BİZİM KAHRAMANLARIMIZ

1960’lı yılların ikinci yarısında henüz 8’li 10’lu yaşlarında, yerinde duramayan veletlerdik. O yıllarda öğrenciler, sadece okulda değil, sokakta, hatta evde bile öğrenciydiler; öğretmenlerin mesleki mekânları da okulla sınırlı değildi, onlar da her yerde her zaman öğretmendiler. Sokakta yürürken, bakkalda alışveriş yaparken, biriyle konuşurken de üzerimizde öğretmenlerimizin kontrolünü hissettiğimizden daima öğrenci olmak zorundaydık.  Güneş battıktan sonra bir nedenle sokağa çıkmışsak ve öğretmen ya da başöğretmenle (O zamanlar okul müdürüne başöğretmen denirdi.) karşılaşmışsak, yolumuzu değiştirmemiz gerekirdi. Değilse ertesi gün ders öncesinde, okul bahçesinde sıraya giren öğrencilerin önünde bunun nedenlerini anlatmak durumunda kalırdık.

İlkokulun dördüncü beşinci sınıfının kıdemli öğrencileri olarak biz, okulu kırmakta, öğretmen veya başöğretmen engelini kazasız belasız geçmekte oldukça deneyimliydik. Bu tür denetimlerden arındırılmış, özgürce nefes alabileceğimiz, aile büyüklerimizden bile kurtarılmış sokaklarımız, mekânlarımız vardı bizim. O sokaklarda, metruk ahırlarda, yıkık samanlıklarda rejisiz, senaryosuz nice kahramanlık ve nice aşk filmleri çevirdik! Tekerlekleri çekirdeği dökülmüş gündöndü kafasından yapma arabalarımız, o arabalara attığımız sevgililerimiz; gündöndü sapından atlarımızla hücuma kalktığımız düşmanlarımız vardı hepimizin ve tabii doğaçlama repliklerimiz!

Köyümüzün, duvarları boş çuvallar gerilerek yükseltilmiş bahçesinin yazlık sinemasında her akşam ya da iki akşamda bir değişen filmlerinin biletsiz müdavimleriydik.
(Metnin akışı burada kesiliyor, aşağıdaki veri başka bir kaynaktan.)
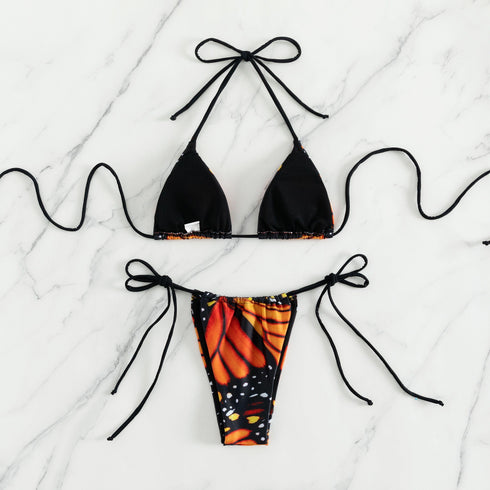 Micro Butterfly Print Bikini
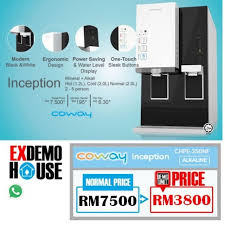 The home water purifier that reduces up to 99.9 percent of contaminants such as lead, vocs, turbidity, mercury, cyst, chloramine, and aesthetic chlorine.* Coway Water Purifier Inception Demo Set Shopee Malaysia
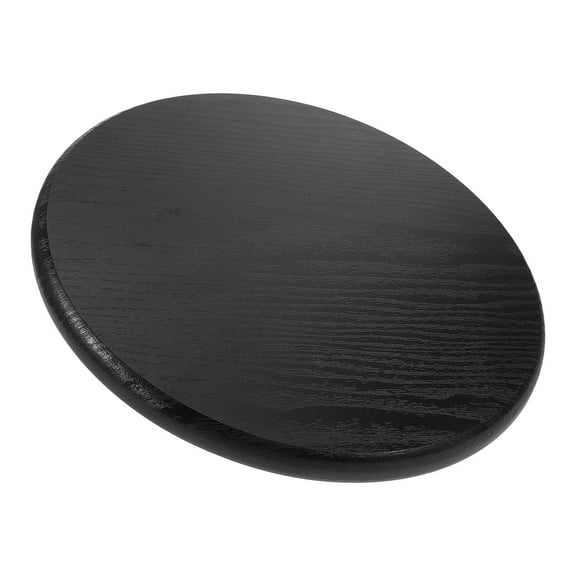 Beaupretty Chair Covers for Dining Chairs Black Solid Wood Round Bar Stool Seat Replacement Pad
Biletsizdik, çünkü öğrenci yasaklarından biri de sinemaydı ve biz yaştakilerin yasakları yasaklayarak yaşayanları, sinema kapısında yakalayıp cezalandıracağı öğrencileri bekleyen başöğretmeni; abla, teyze ya da halalarının çarşafları (Kanatları mı yoksa?) altında sinemanın çoğu kırık bacaklı tahta sandalyeli bahçe salonuna gizlice girerek atlatırdık. Bu olanağı ya da cesareti olmayanlarımızsa, duvarın üstünden beyaz perdeyi gören bir ağacın dalında veya bahçenin yüksek duvarına tırmanıp başını uzatarak izlerdi köyün bahçe sinemasının hayal perdesine yansıyan hikâyelerini; Kartal Tibet ne tehlikeleri göze alarak saldırmışsa düşmanın üstüne ya da Ayhan Işık nasıl korkusuzca yürümüşse Belgin Doruk’a giden o engellerle dolu yolda, öyle! Ha bizim başöğretmen, kollarını göğsünde kavuşturmuş sinemanın kapısında; ha Kenan Pars elinde silah, Tamer Yiğit’le Fatma Girik’in arasında!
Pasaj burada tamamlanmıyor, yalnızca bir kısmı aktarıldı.